Polen verweigert Tusk Unterstützung für zweite Amtszeit
Warschau nominiert Europaabgeordneten Saryusz-Wolski für EU-Ratspräsidentschaft / Tusk könnte dennoch gewählt werden
Warschau. Es ist ein bislang einmaliger Vorgang: Die nationalkonservative Regierung in Polen verweigert dem polnischen EU-Ratspräsidenten Donald Tusk die Unterstützung für eine weitere Amtszeit. Stattdessen nominierte Warschau den Europaabgeordneten Jacek Saryusz-Wolski für den Brüsseler Spitzenposten, wie Außenminister Witold Waszczykowski am Samstag der Nachrichtenagentur PAP sagte. Rückendeckung erhielt Tusk, der sich voraussichtlich kommende Woche für eine weitere Amtszeit zur Wahl stellt, aus Brüssel.
Kurz vor Waszczykowskis Ankündigung hatte die Führung der Regierungspartei Recht und Gerechtigkeit (PiS) die Regierung aufgefordert, »entschieden« Stellung gegen eine Wiederwahl Tusks zu beziehen.
In einer Erklärung warf die PiS-Führung dem Ratspräsidenten vor, »gegenüber dem EU-Mitgliedsland Polen das Gebot der Neutralität verletzt zu haben«. Tusk habe sich an der Spitze des Rats wiederholt gegen polnische Interessen gestellt und die Opposition in seinem Heimatland unterstützt.
Mit ihrem Schritt brüskierte die polnische Regierung ihren Landsmann in Brüssel. Der ehemalige polnische Ministerpräsident Tusk stammt aus der liberal-konservativen Bürgerplattform und damit aus einem anderen politischen Lager als die gegenwärtige Regierung, die wiederholt Distanz zu ihm demonstriert hat.

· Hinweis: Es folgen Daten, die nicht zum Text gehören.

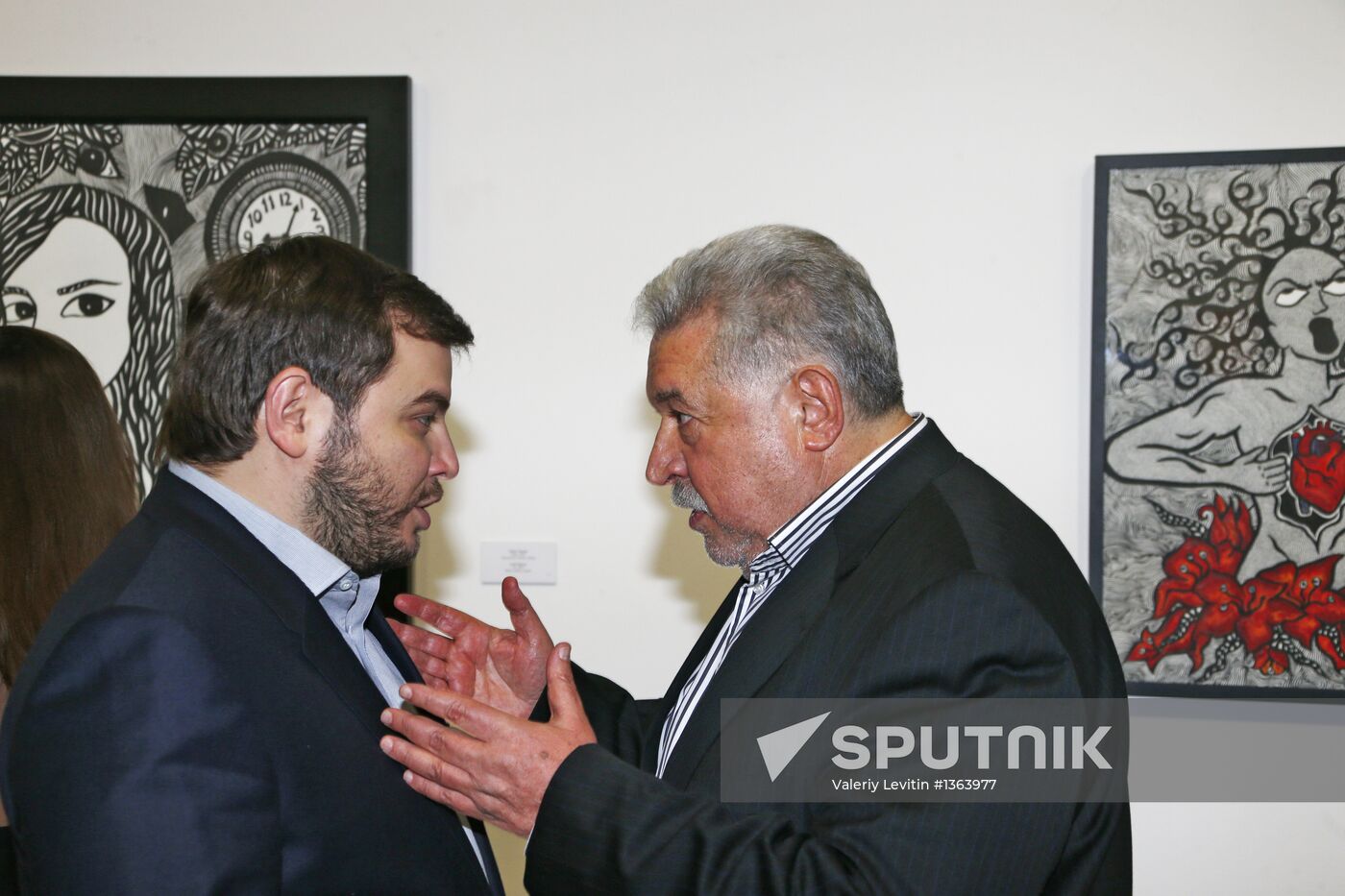 Azerbaijan Modern Art Exhibition opens in Moscow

Bislang wurden alle Ratspräsidenten der EU mit der ausdrücklichen Unterstützung ihrer Heimatregierung ins Amt gewählt. Zwingend erforderlich ist diese Unterstützung allerdings nicht: Für die Wahl reicht im EU-Rat eine qualifizierte Mehrheit. Polen könnte beim EU-Gipfel kommende Woche also überstimmt werden. Unter anderen EU-Ländern genießt Tusk, der für eine weitere zweieinhalbjährige Amtszeit kandidiert, großen Rückhalt.
»Tusk sollte nicht das Opfer der Bestrebungen seines eigenen Landes werden, ihn loszuwerden. Das wäre nicht richtig«, hieß es aus französischen Diplomatenkreisen. »Tusk ist in einer sehr starken Position«, erklärte ein anderer europäischer Diplomat. Auch der Vorsitzende der Europäischen Volkspartei (EVP), Joseph Daul, stärkte Tusk den Rücken. Die EVP-Familie stehe »geschlossen« hinter dem EU-Ratspräsidenten, schrieb Daul im Onlinedienst Twitter.
Polens Außenminister Waszczykowski erklärte hingegen, er könne sich nicht vorstellen, dass die anderen EU-Staaten einen Kandidaten unterstützten, »der nicht die Unterstützung der eigenen Regierung hat«.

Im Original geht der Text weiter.